- [Exercise objective] With the pictures removed, please write out every line below exactly as given.

- [Recorded data]
^^^^^^^^

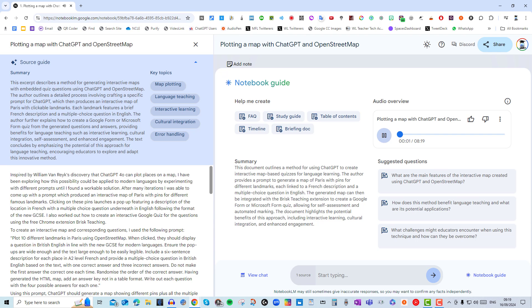So you know how you're always into finding cool new ways to learn stuff, especially with technology? Well, get ready because we found something really wild. Okay, so picture this: using ChatGPT, the AI chatbot everyone's talking about, to make interactive language lessons.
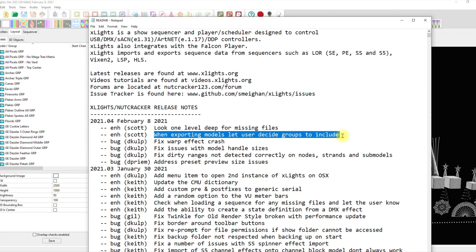What really got me excited was this right here: 'When exporting models, let user decide groups to include.' I said Scott, Scott, Scott Hansen, my man, you get the prize of the month award. Somebody send him a trophy, anything — I don't care — send that man something, because this is huge if you are into the high density craze like the rest of us.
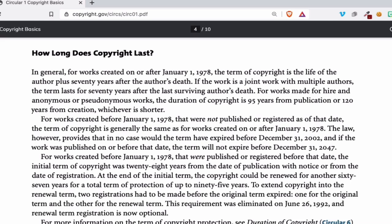Here you see: how long does copyright last? In general, for works created on or after January 1st, 1978, the term of copyright is the life of the author plus 70 years after the author's death. If the work is a joint work with multiple authors, the term lasts for 70 years after the last surviving author's death. For works made for hire and anonymous works, the duration of copyright is 95 years from publication or 120 years from creation, whichever is shorter.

^^^^^^^^

- [Answer to the exercise]
So you know how you're always into finding cool new ways to learn stuff, especially with technology? Well, get ready because we found something really wild. Okay, so picture this: using ChatGPT, the AI chatbot everyone's talking about, to make interactive language lessons.
What really got me excited was this right here: 'When exporting models, let user decide groups to include.' I said Scott, Scott, Scott Hansen, my man, you get the prize of the month award. Somebody send him a trophy, anything — I don't care — send that man something, because this is huge if you are into the high density craze like the rest of us.
Here you see: how long does copyright last? In general, for works created on or after January 1st, 1978, the term of copyright is the life of the author plus 70 years after the author's death. If the work is a joint work with multiple authors, the term lasts for 70 years after the last surviving author's death. For works made for hire and anonymous works, the duration of copyright is 95 years from publication or 120 years from creation, whichever is shorter.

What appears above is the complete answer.